● WORK TO BE COMPLETED:
Only one stretch of the material below is wanted: everything from the line containing "Da Matera Fico" down to the line containing "Carros de Servicio", both ends included. Repeat it exactly and skip the pictures.

● DATASET EXTRACT:

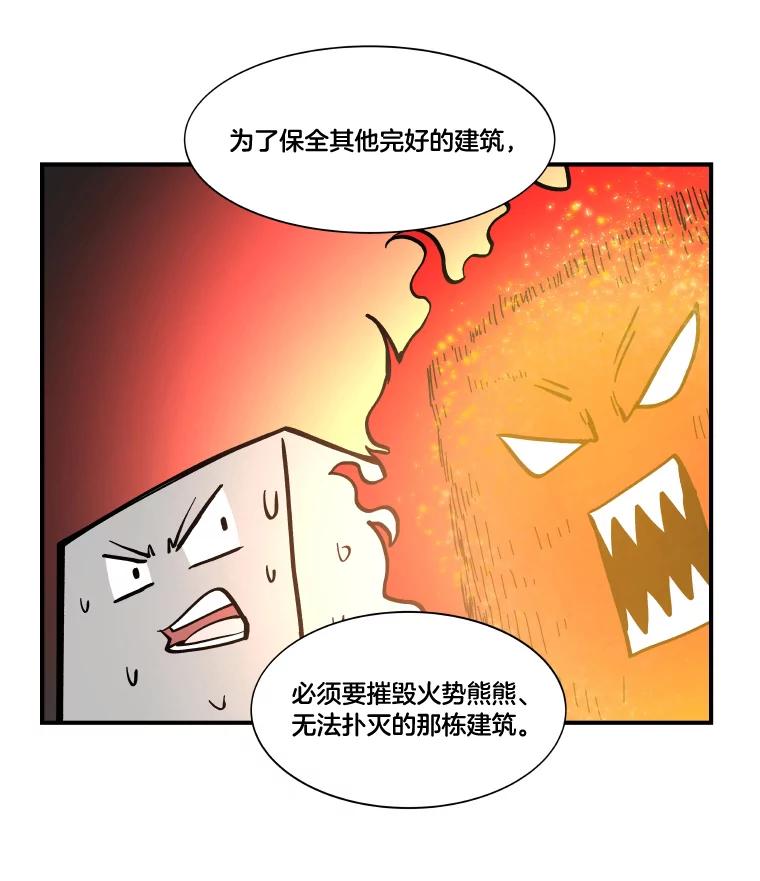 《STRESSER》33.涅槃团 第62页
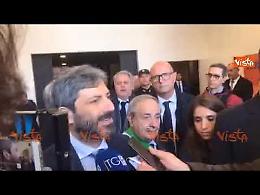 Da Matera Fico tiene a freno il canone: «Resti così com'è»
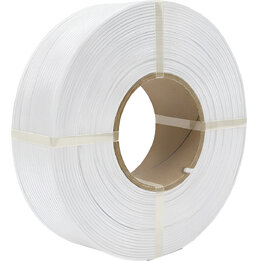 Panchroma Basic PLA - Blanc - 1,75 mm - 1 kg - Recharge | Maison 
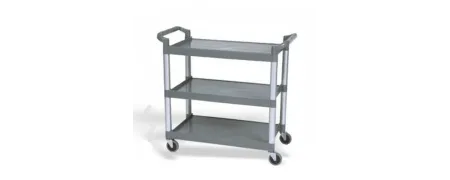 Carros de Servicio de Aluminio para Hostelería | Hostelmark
==
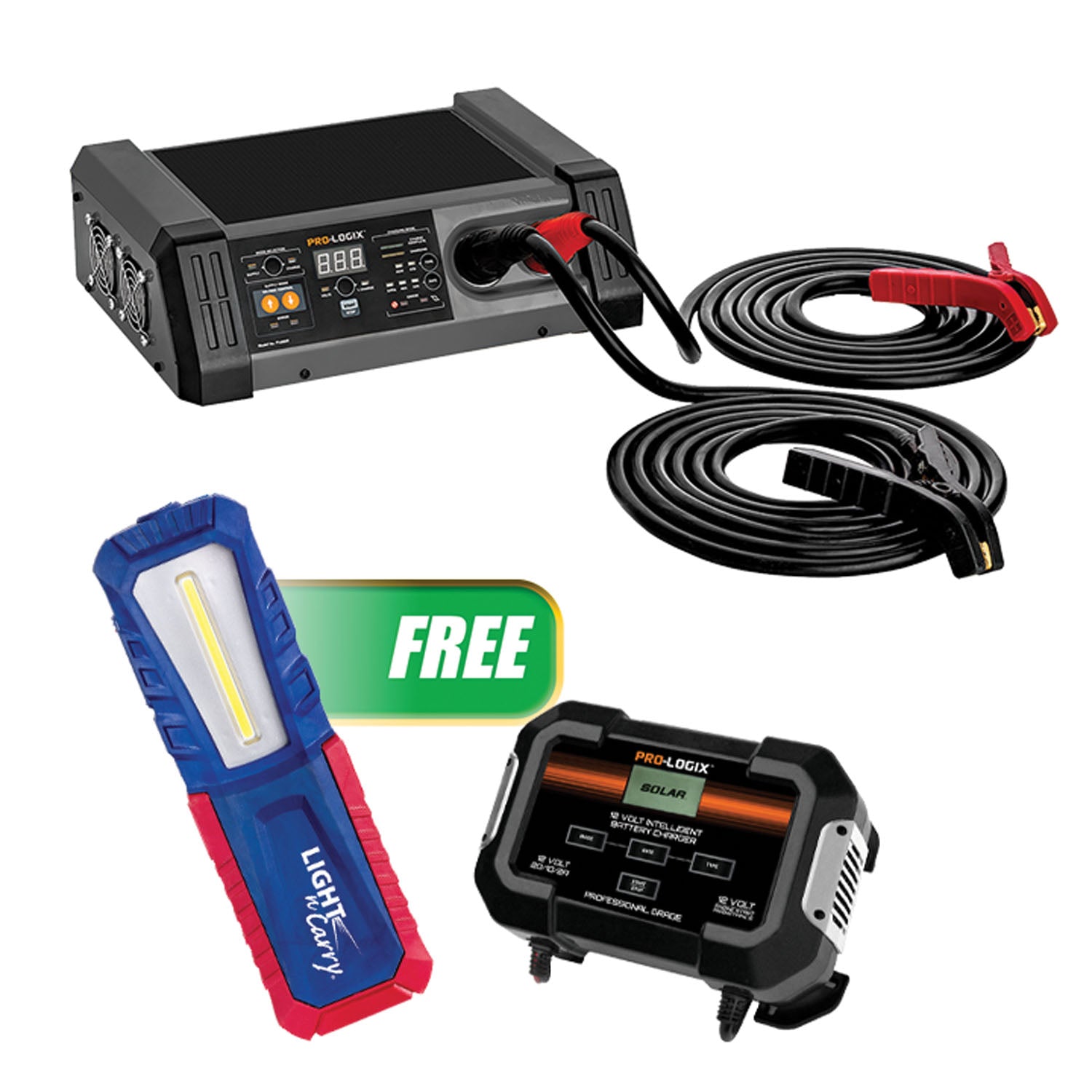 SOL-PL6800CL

● RESPONSE:
 Da Matera Fico tiene a freno il canone: «Resti così com'è»
 Panchroma Basic PLA - Blanc - 1,75 mm - 1 kg - Recharge | Maison 
 Carros de Servicio de Aluminio para Hostelería | Hostelmark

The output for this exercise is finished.